## What is needed
Skip the pictures, and retype the data below in full, exactly.

## Recorded data
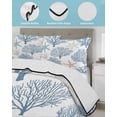 thumbnail image 4 of Quilts Twin Size, Light Blue Coral Coastal Soft Comforter Bedding Set for Bed, Summer Beach Starfish Shell Lightweight Quilted Bedspread with Pillow Cover(2 Pieces) for All Season, 68x86 Inch, 4 of 6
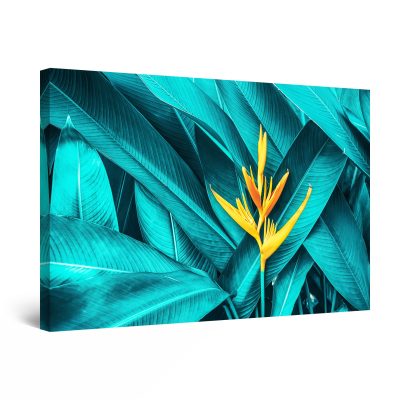 Canvas Wall Art - Turquoise Leaves and Yelow Flower
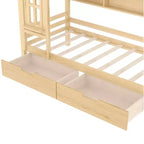 Lit cabane jumeau/double en bois massif avec tiroirs/étagères de rangement, design de fenêtre enfantin - ModernLuxe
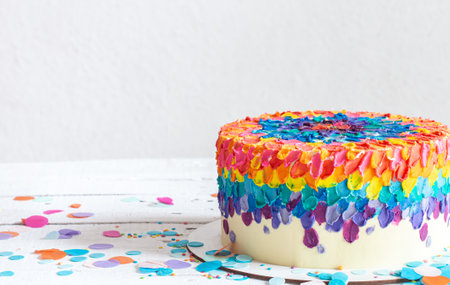 Multicolored birthday cake decorated with cream. Birthday party concept.の写真素材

## Reply
 thumbnail image 4 of Quilts Twin Size, Light Blue Coral Coastal Soft Comforter Bedding Set for Bed, Summer Beach Starfish Shell Lightweight Quilted Bedspread with Pillow Cover(2 Pieces) for All Season, 68x86 Inch, 4 of 6
 Canvas Wall Art - Turquoise Leaves and Yelow Flower
 Lit cabane jumeau/double en bois massif avec tiroirs/étagères de rangement, design de fenêtre enfantin - ModernLuxe
 Multicolored birthday cake decorated with cream. Birthday party concept.の写真素材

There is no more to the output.